→ **WORK REQUEST**
I'd like the entire listing output verbatim, apart from the pictures.

======

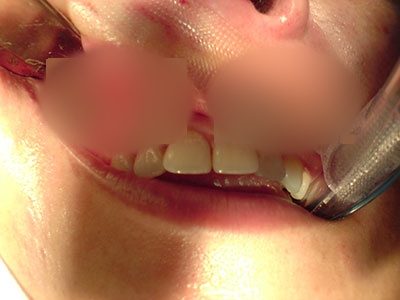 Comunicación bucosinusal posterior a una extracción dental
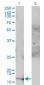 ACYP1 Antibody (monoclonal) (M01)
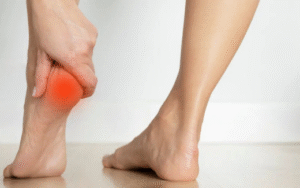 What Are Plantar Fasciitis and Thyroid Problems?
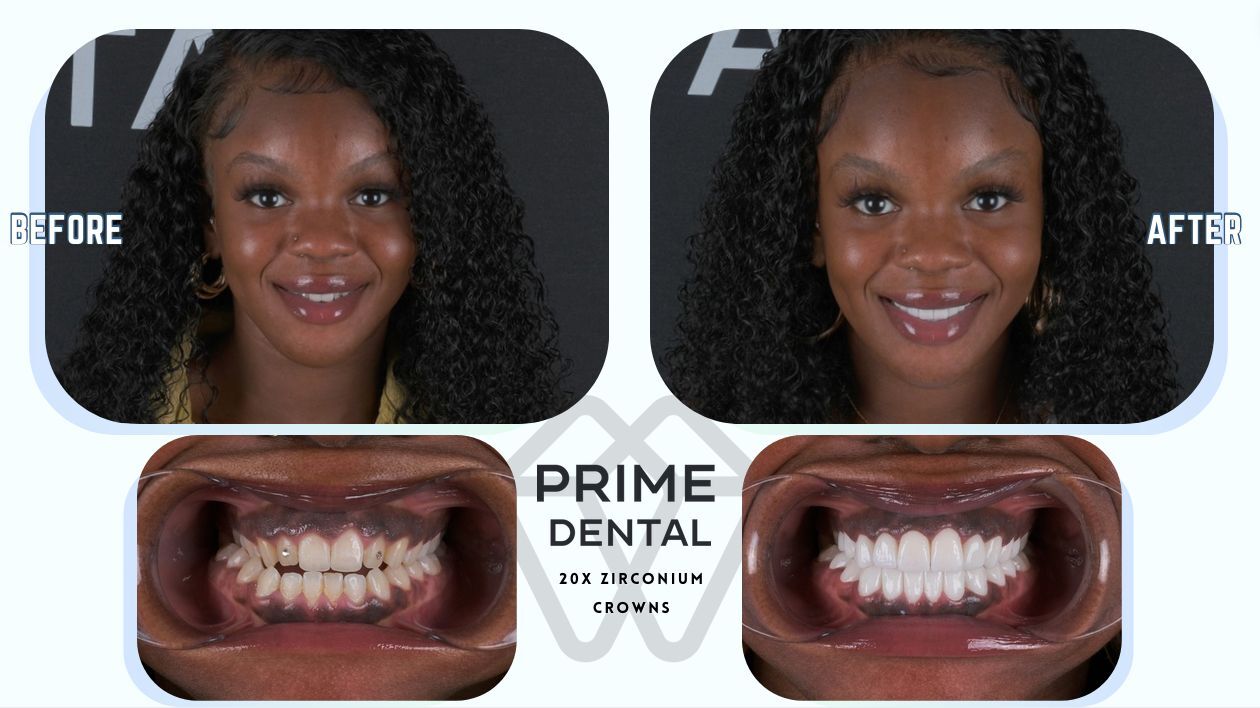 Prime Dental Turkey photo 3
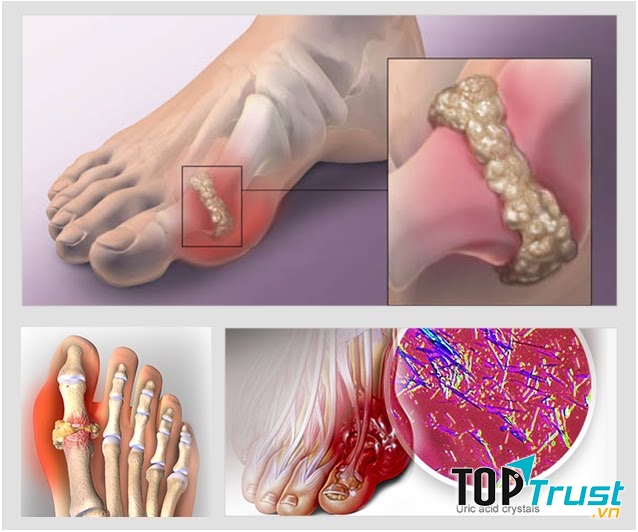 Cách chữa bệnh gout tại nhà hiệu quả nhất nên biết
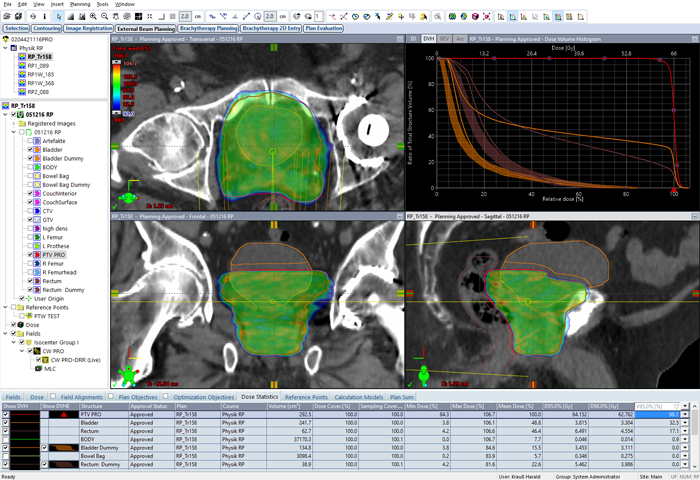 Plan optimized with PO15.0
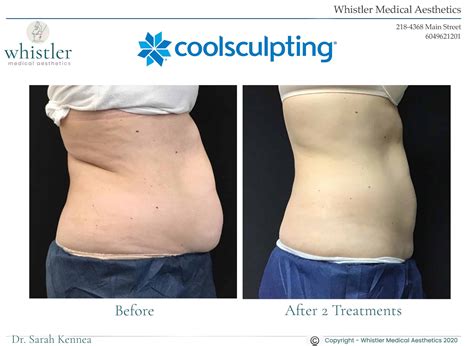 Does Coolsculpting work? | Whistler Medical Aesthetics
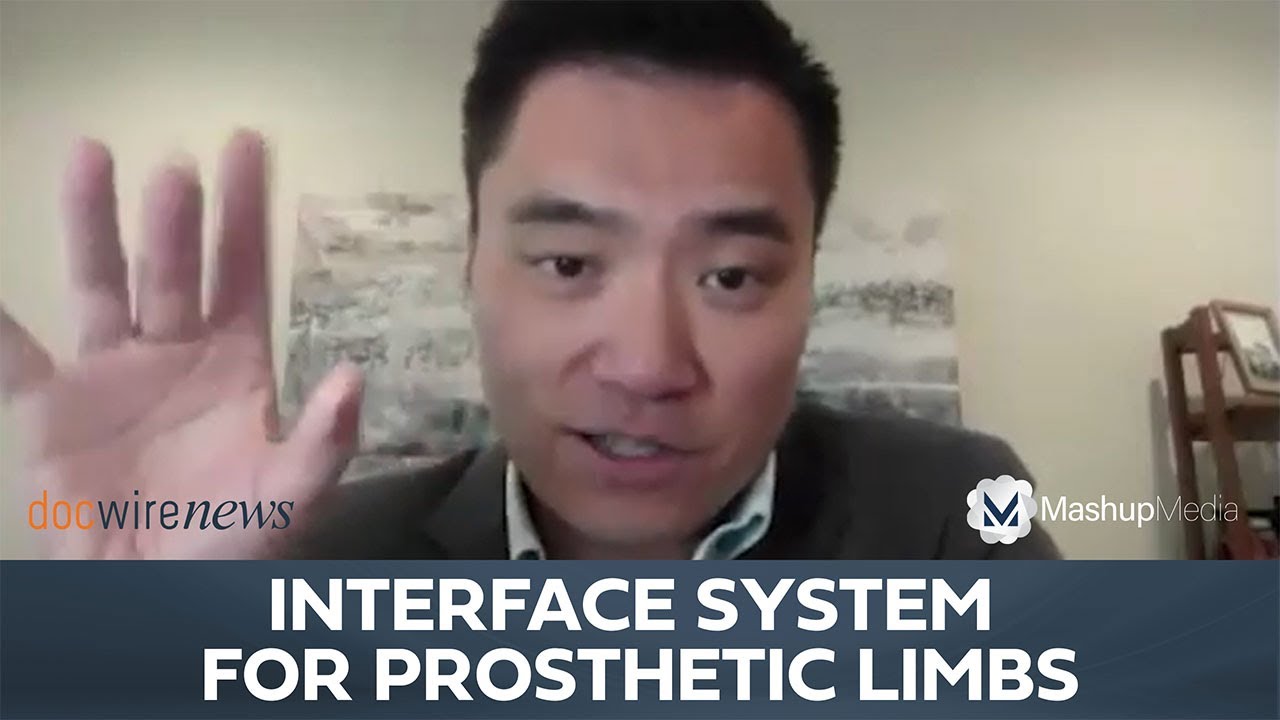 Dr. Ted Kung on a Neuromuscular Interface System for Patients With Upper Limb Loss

======

→ **ANSWER TO THIS PROBLEM**
 Comunicación bucosinusal posterior a una extracción dental
 ACYP1 Antibody (monoclonal) (M01)
 What Are Plantar Fasciitis and Thyroid Problems?
 Prime Dental Turkey photo 3
 Cách chữa bệnh gout tại nhà hiệu quả nhất nên biết
 Plan optimized with PO15.0
 Does Coolsculpting work? | Whistler Medical Aesthetics
 Dr. Ted Kung on a Neuromuscular Interface System for Patients With Upper Limb Loss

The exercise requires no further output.